### What needs to be done
Exact copy, no pictures: return all the data below as written.

### Source material
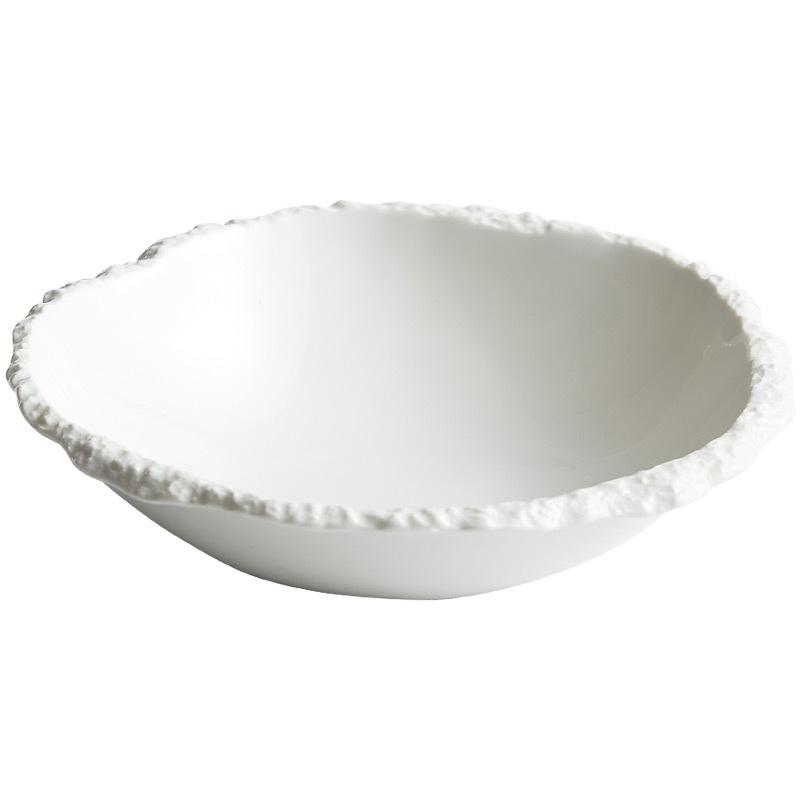 Rock grain pointed bowl, white ceramic soup bowl, noodle bowl, high-grade tableware, salad bowl, large.
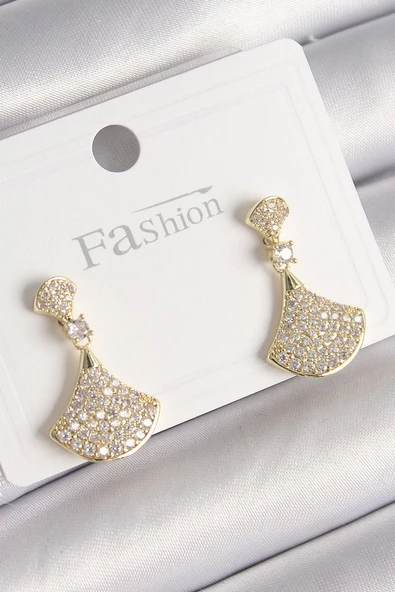 Pirinç Gold Renk Zirkon Taşlı Motif Model Kadın Küpe - TJ-BKP9778 ürün görseli 1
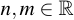 latex:n, m \in \mathbb{R}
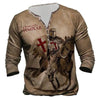 Image of European And American Digital Printing Men's Long-sleeved Medieval T-shirt Shopping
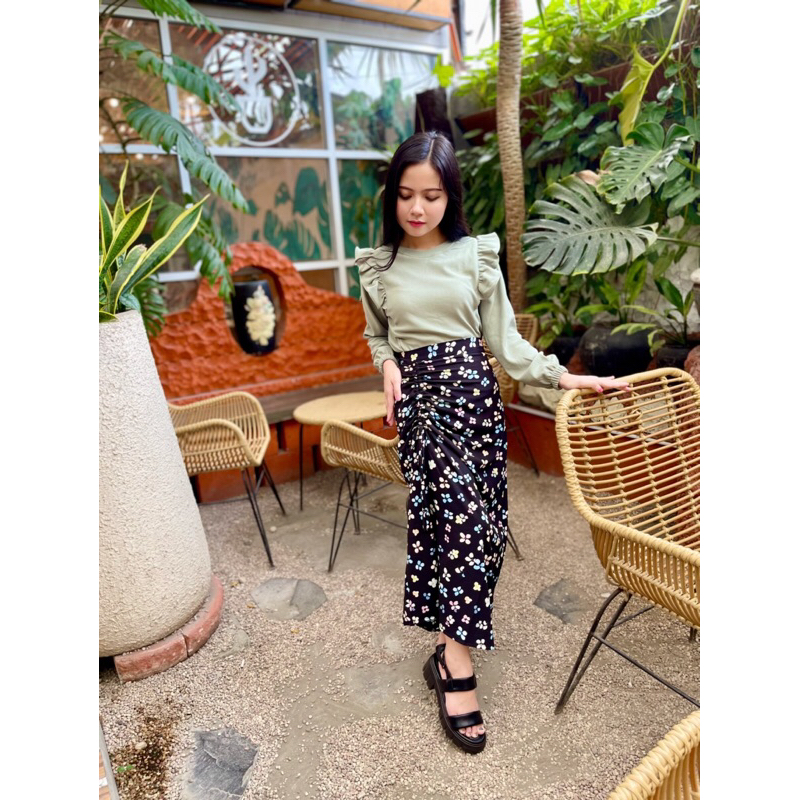 ROK SERUT BUNGA WANITA / ROK SERUT FLORAL WANITA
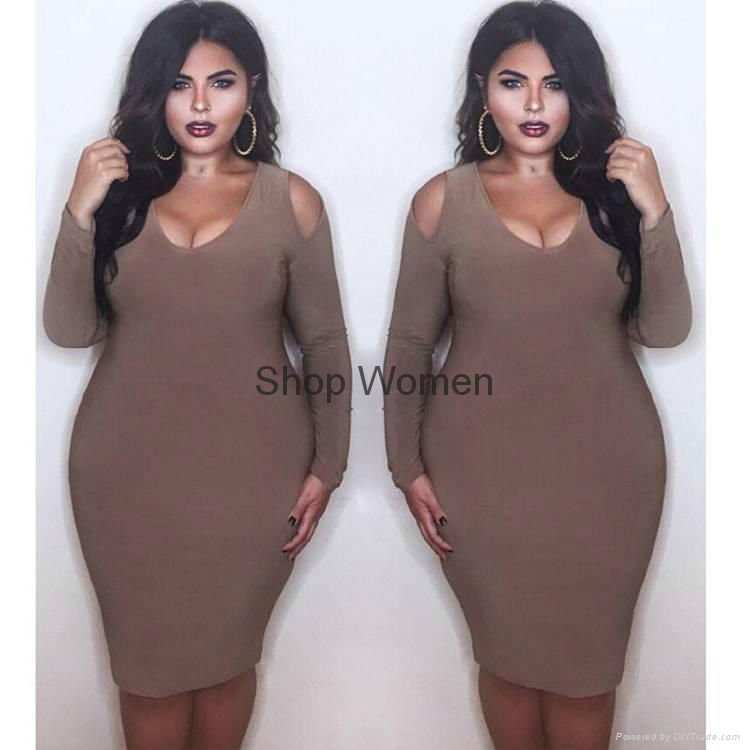 Women's Plus Size Strapless Long-sleeved Club Dress 4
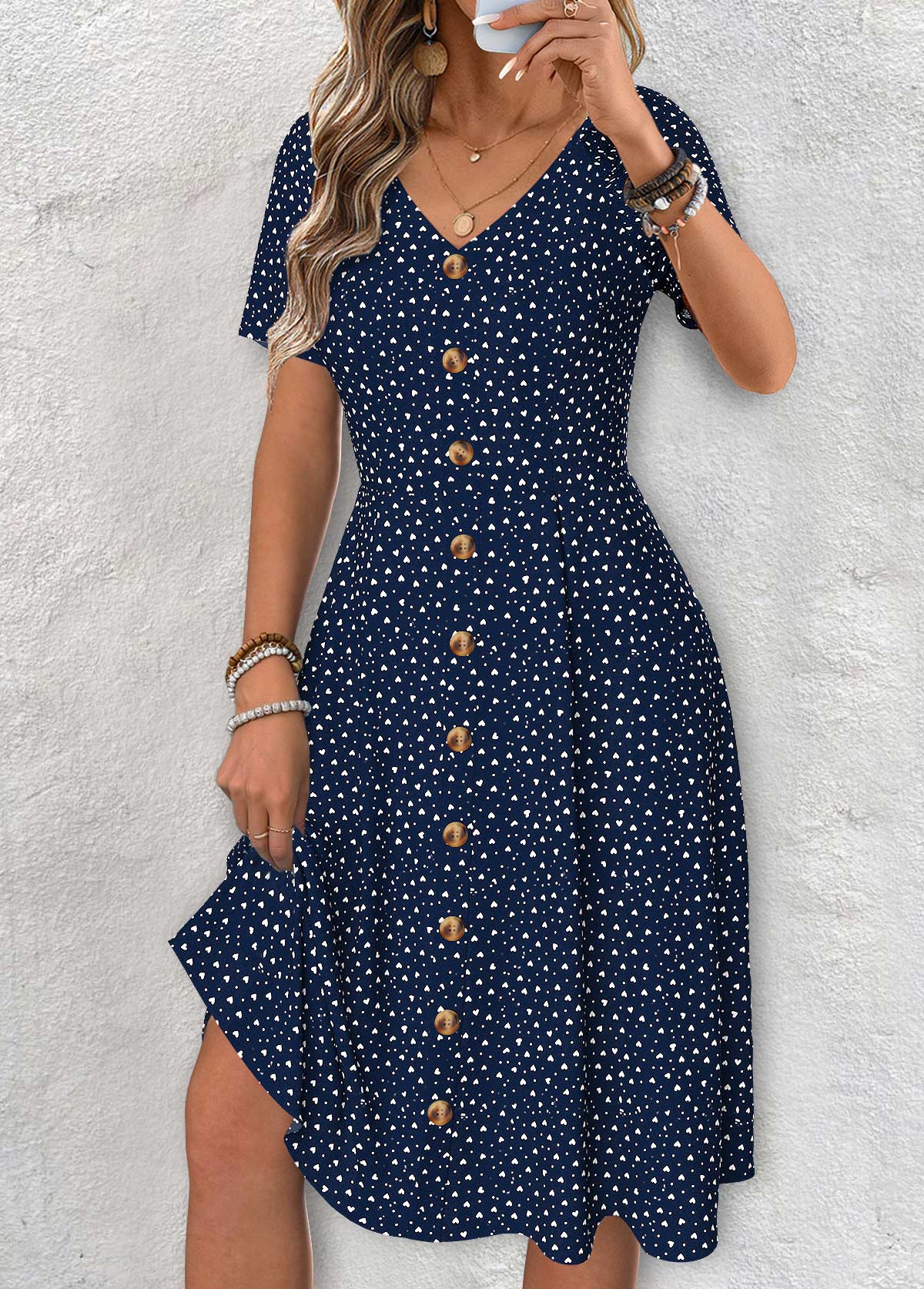 Claire Marineblau Polka Dot Kurzarm V-Ausschnitt Kleid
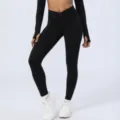 Leggings de yoga taille haute croisés noirs et ensemble de sport à manches longues. - L (conseillé 115-130 jin) / Noir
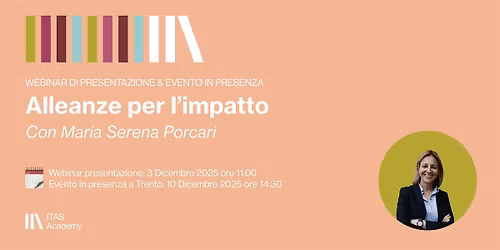 ITAS Academy Workshop  - Alleanze per l\u2019impatto con Serena Porcari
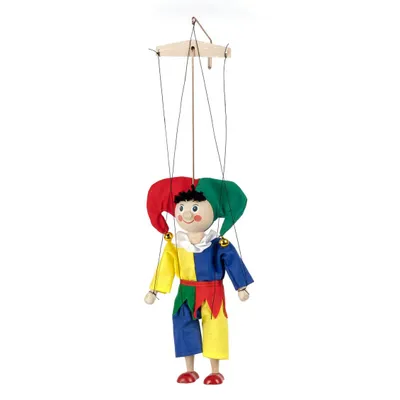 Obrázok produktu pre Drevená marioneta s jednoduchým vodiacim krížom klaun 20 cm Viacfarebná, 18117E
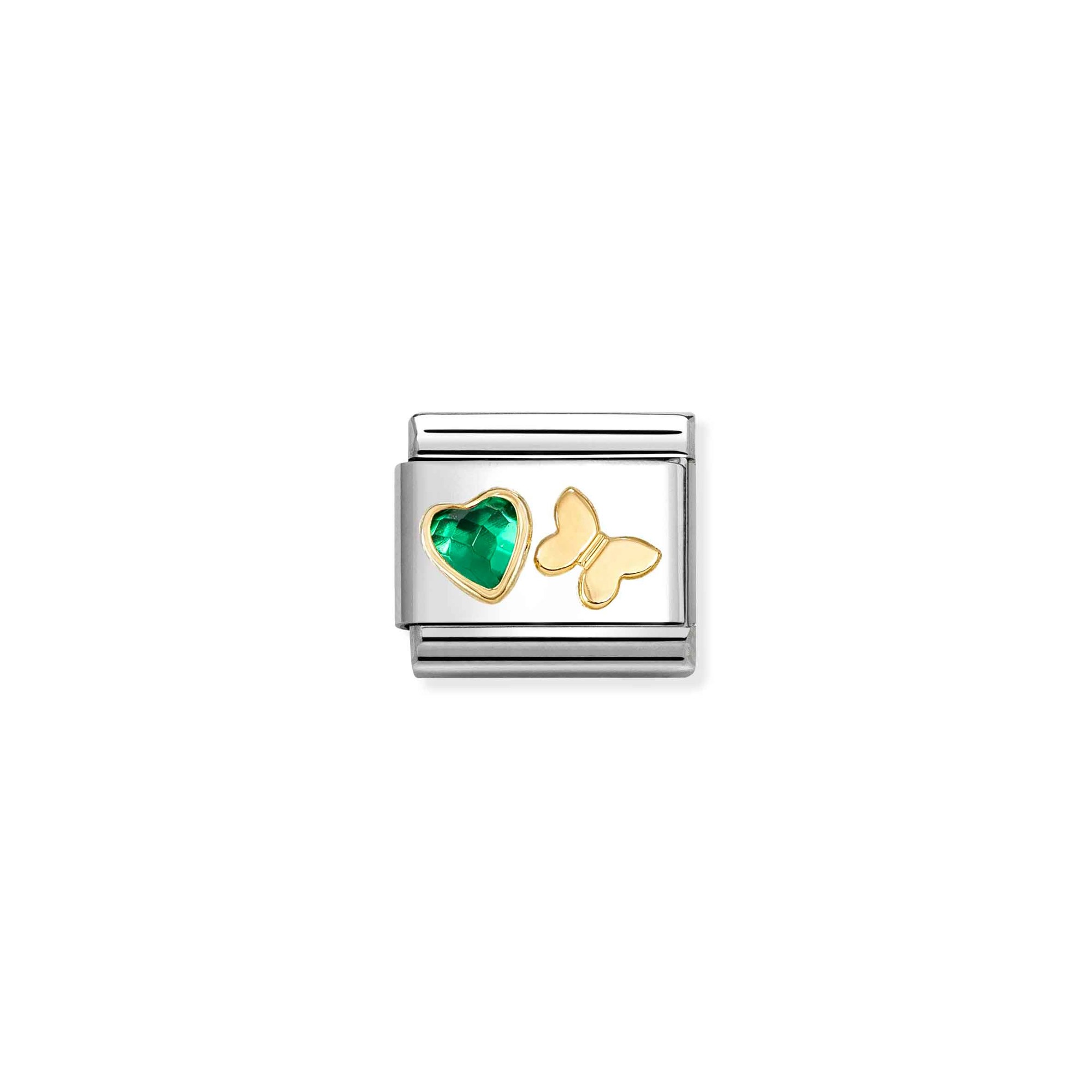 Nomination Composable Classic Charm Schmetterling grün - Edelstahl, Gold 750 Gelbgold, Zirkonia – Ansicht 2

### Output below
 Rock grain pointed bowl, white ceramic soup bowl, noodle bowl, high-grade tableware, salad bowl, large.
 Pirinç Gold Renk Zirkon Taşlı Motif Model Kadın Küpe - TJ-BKP9778 ürün görseli 1
 latex:n, m \in \mathbb{R}
 Image of European And American Digital Printing Men's Long-sleeved Medieval T-shirt Shopping
 ROK SERUT BUNGA WANITA / ROK SERUT FLORAL WANITA
 Women's Plus Size Strapless Long-sleeved Club Dress 4
 Claire Marineblau Polka Dot Kurzarm V-Ausschnitt Kleid
 Leggings de yoga taille haute croisés noirs et ensemble de sport à manches longues. - L (conseillé 115-130 jin) / Noir
 ITAS Academy Workshop  - Alleanze per l\u2019impatto con Serena Porcari
 Obrázok produktu pre Drevená marioneta s jednoduchým vodiacim krížom klaun 20 cm Viacfarebná, 18117E
 Nomination Composable Classic Charm Schmetterling grün - Edelstahl, Gold 750 Gelbgold, Zirkonia – Ansicht 2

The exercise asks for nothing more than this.